How much does an index need to narrow the results of a search in order to be useful

index

How much does an index need to narrow the results of a search in order to be useful in speeding up queries?

Some examples all across the spectrum:

  • A column for storing true/false values obviously has only two unique values.
  • A 'last name' column probably has many unique values (although it may not).
  • A primary key column has all unique values.

I think that the goal of an index is to quickly narrow a search to a few rows, and that therefore, the last case is the best, the second is OK, and the first is useless.

Am I correct? If so, roughly where is the line of usefulness? For example, if an index can narrow the results to 1% of the rows, is that useful? What about 10% or 25%?

Best Answer

The diversity of a column's data is known as selectivity.
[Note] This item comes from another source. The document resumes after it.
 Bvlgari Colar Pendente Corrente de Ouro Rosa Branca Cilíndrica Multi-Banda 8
Selectivity is useful to know when determining whether an index will be useful, but it is not the only thing that determines the speed benefit. Other factors include how fast the storage the index is on compared to the table, how much of the table/index is already cached, how large the index is in comparison to the table, and several other things.
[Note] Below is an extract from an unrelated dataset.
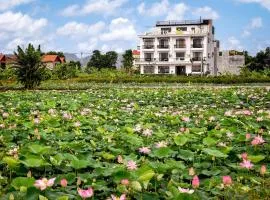 Lotus Hotel Ninh Bình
Knowing the data-type of the column does not necessarily help us determine how selective an index on the column will be. Even a column constrained to two values might use those values for only a few rows and have the remainder NULL. On the other hand, a column that could have many distinct values could have the same value in every single row. Even with your id column where all the rows would have unique values, if you are searching for rows with an id >= 10, the index probably wouldn't be useful even though it is highly selective.

You can't use selectivity alone to determine whether an index will be useful or not because even if it returns 100% of the rows, if the index includes all the data necessary for the query it will be faster than using the table. On the other hand, for a small table it may be faster to query the whole thing even if the row being sought only represents 1% of the total.

Determining what indexes should be created is less about looking at the table structure than it is looking at the important queries and what data they need to retrieve.